START DATA EXTRACT

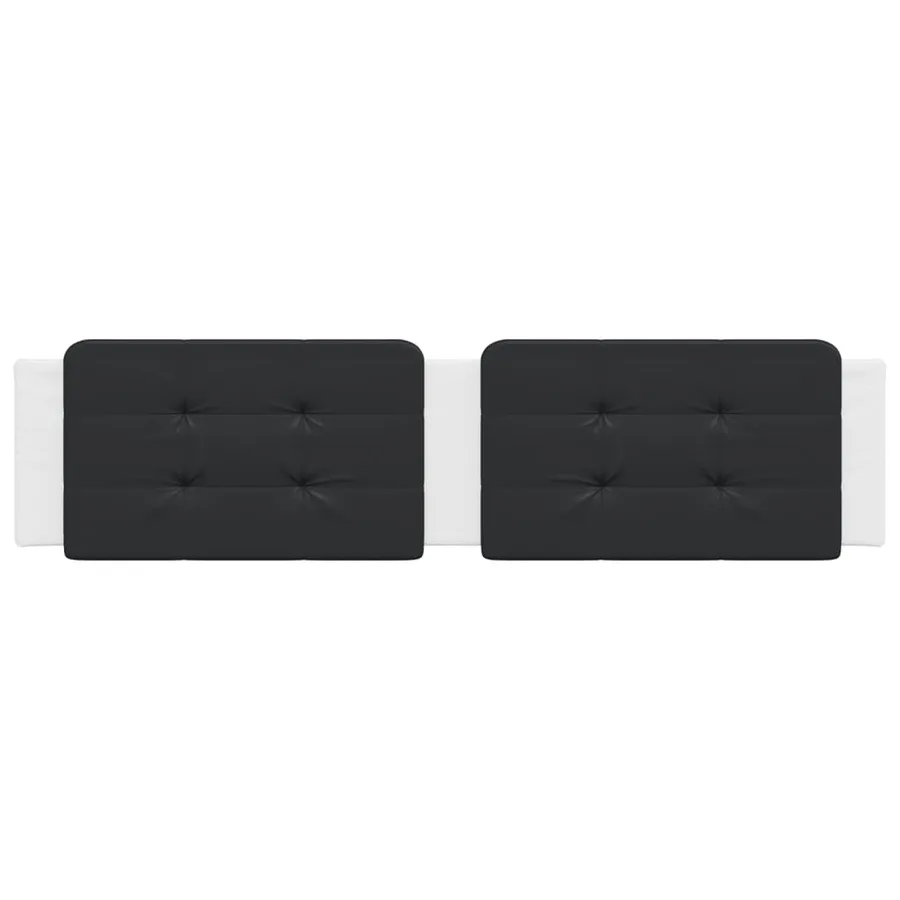 Coussin de tête de lit Zadar noir et blanc 200 cm similicuir - 4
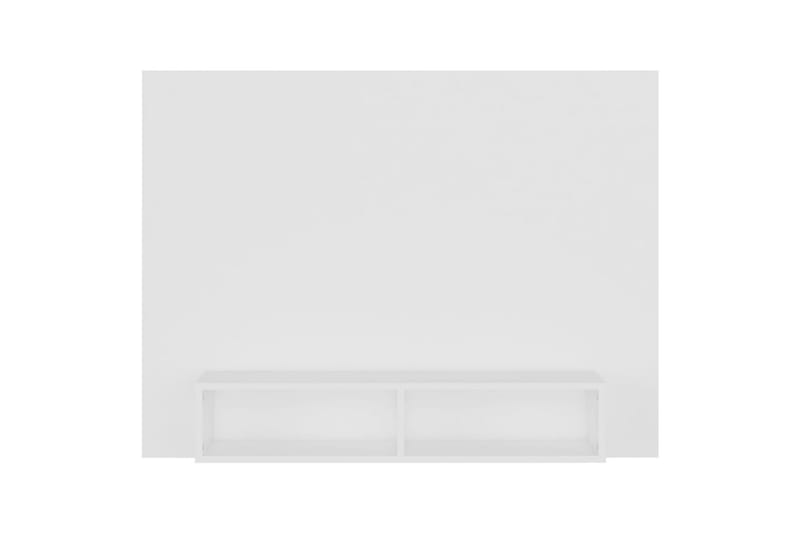Veggmontert TV-benk hvit 120x23,5x90 cm sponplate - Hvit - Møbler - Mediamøbel & tv møbel - TV-skap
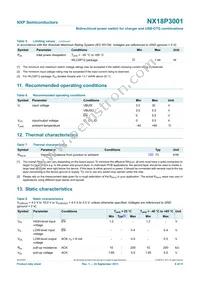 NX18P3001UKZ Datasheet Page 6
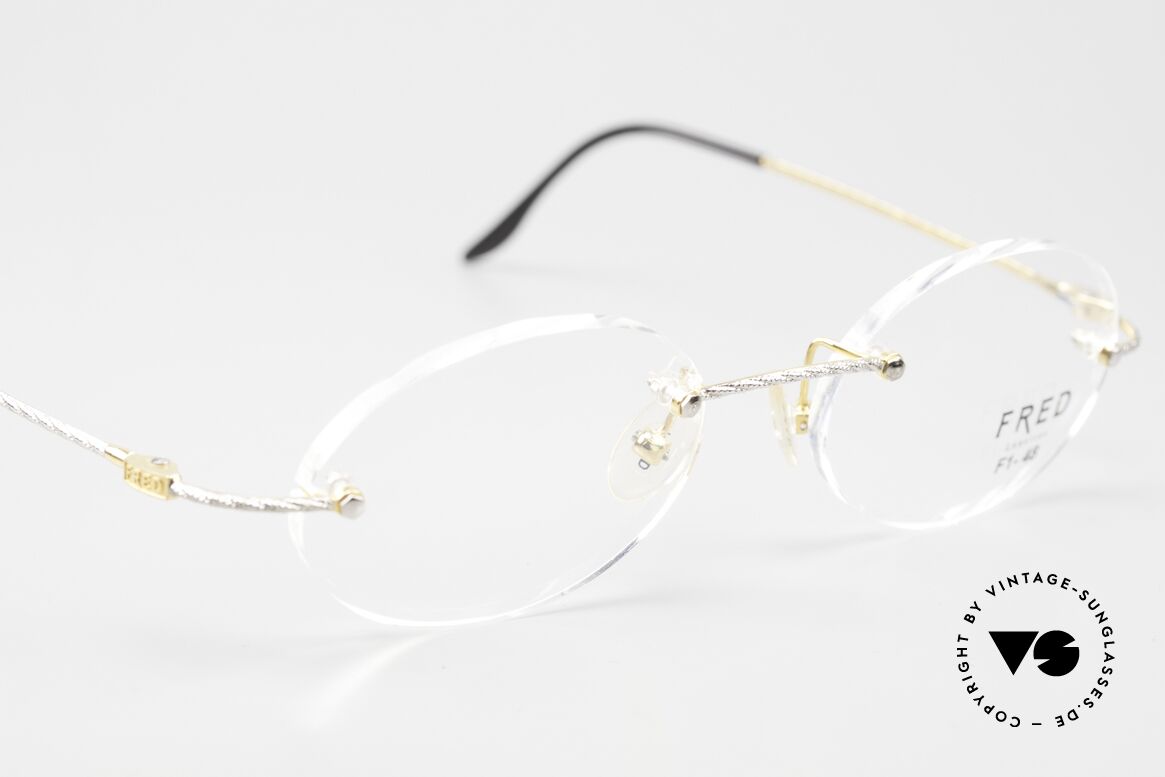 Fred F10 L01 Rimless Luxury Eyeglasses, not retro, but original 90's commodity; rarity & vertu, Made for Men and Women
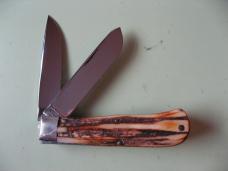 GREAT EASTERN NORTHFIELD 73 SCOUT SQUARE END TRAPPER BURNT STAG #158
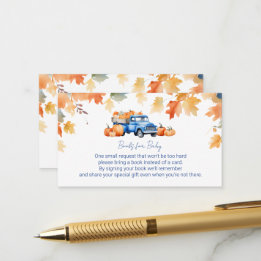 Carte D'accompagnement Livres pour bébé insert camion bleu et petite citr
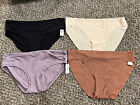 Love By Gap Hipster Breathe No Show Bikini Solid Color Panties NWT Lot Of 4 XL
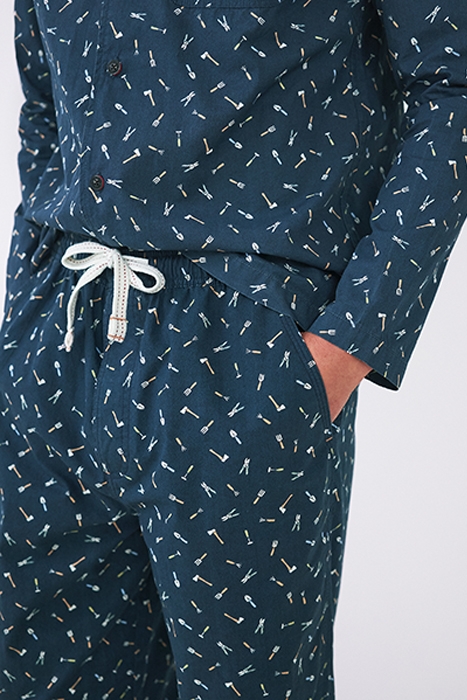 TOOLS PRINT PJ BOTTOM NAVY MULTI 4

END DATA EXTRACT

WHAT YOU WILL DO: Please output all of the entries above exactly, but without any picture.

REPLY TO THE EXERCISE:
 Coussin de tête de lit Zadar noir et blanc 200 cm similicuir - 4
Veggmontert TV-benk hvit 120x23,5x90 cm sponplate - Hvit - Møbler - Mediamøbel & tv møbel - TV-skap
 NX18P3001UKZ Datasheet Page 6
 Fred F10 L01 Rimless Luxury Eyeglasses, not retro, but original 90's commodity; rarity & vertu, Made for Men and Women
 GREAT EASTERN NORTHFIELD 73 SCOUT SQUARE END TRAPPER BURNT STAG #158
 Carte D'accompagnement Livres pour bébé insert camion bleu et petite citr
 Love By Gap Hipster Breathe No Show Bikini Solid Color Panties NWT Lot Of 4 XL
 TOOLS PRINT PJ BOTTOM NAVY MULTI 4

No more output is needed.